## Task objective:
Exactness is required. Restate every entry as written.

## Input material:
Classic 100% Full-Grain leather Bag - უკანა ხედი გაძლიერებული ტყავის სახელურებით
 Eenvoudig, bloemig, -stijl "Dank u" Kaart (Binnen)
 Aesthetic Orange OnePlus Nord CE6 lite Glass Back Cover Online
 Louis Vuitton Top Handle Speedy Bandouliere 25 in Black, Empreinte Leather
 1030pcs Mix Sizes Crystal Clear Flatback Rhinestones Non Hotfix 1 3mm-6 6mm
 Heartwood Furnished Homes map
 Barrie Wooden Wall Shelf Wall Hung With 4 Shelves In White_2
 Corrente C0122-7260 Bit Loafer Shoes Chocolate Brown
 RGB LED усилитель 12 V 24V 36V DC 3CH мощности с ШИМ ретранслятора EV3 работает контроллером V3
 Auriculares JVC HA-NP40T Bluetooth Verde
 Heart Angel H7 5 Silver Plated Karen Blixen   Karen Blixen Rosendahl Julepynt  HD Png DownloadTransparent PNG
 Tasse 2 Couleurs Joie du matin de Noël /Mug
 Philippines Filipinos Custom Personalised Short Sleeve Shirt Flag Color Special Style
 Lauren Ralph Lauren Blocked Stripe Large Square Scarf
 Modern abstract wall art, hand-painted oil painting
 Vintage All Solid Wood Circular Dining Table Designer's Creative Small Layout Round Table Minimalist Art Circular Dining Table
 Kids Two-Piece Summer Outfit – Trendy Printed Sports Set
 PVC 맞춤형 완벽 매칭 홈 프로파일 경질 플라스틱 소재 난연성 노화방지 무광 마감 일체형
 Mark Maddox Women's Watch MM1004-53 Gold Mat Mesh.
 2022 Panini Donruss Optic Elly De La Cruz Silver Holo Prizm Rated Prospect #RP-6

## Answer to this problem:
Classic 100% Full-Grain leather Bag - უკანა ხედი გაძლიერებული ტყავის სახელურებით
 Eenvoudig, bloemig, -stijl "Dank u" Kaart (Binnen)
 Aesthetic Orange OnePlus Nord CE6 lite Glass Back Cover Online
 Louis Vuitton Top Handle Speedy Bandouliere 25 in Black, Empreinte Leather
 1030pcs Mix Sizes Crystal Clear Flatback Rhinestones Non Hotfix 1 3mm-6 6mm
 Heartwood Furnished Homes map
 Barrie Wooden Wall Shelf Wall Hung With 4 Shelves In White_2
 Corrente C0122-7260 Bit Loafer Shoes Chocolate Brown
 RGB LED усилитель 12 V 24V 36V DC 3CH мощности с ШИМ ретранслятора EV3 работает контроллером V3
 Auriculares JVC HA-NP40T Bluetooth Verde
 Heart Angel H7 5 Silver Plated Karen Blixen   Karen Blixen Rosendahl Julepynt  HD Png DownloadTransparent PNG
 Tasse 2 Couleurs Joie du matin de Noël /Mug
 Philippines Filipinos Custom Personalised Short Sleeve Shirt Flag Color Special Style
 Lauren Ralph Lauren Blocked Stripe Large Square Scarf
 Modern abstract wall art, hand-painted oil painting
 Vintage All Solid Wood Circular Dining Table Designer's Creative Small Layout Round Table Minimalist Art Circular Dining Table
 Kids Two-Piece Summer Outfit – Trendy Printed Sports Set
 PVC 맞춤형 완벽 매칭 홈 프로파일 경질 플라스틱 소재 난연성 노화방지 무광 마감 일체형
 Mark Maddox Women's Watch MM1004-53 Gold Mat Mesh.
 2022 Panini Donruss Optic Elly De La Cruz Silver Holo Prizm Rated Prospect #RP-6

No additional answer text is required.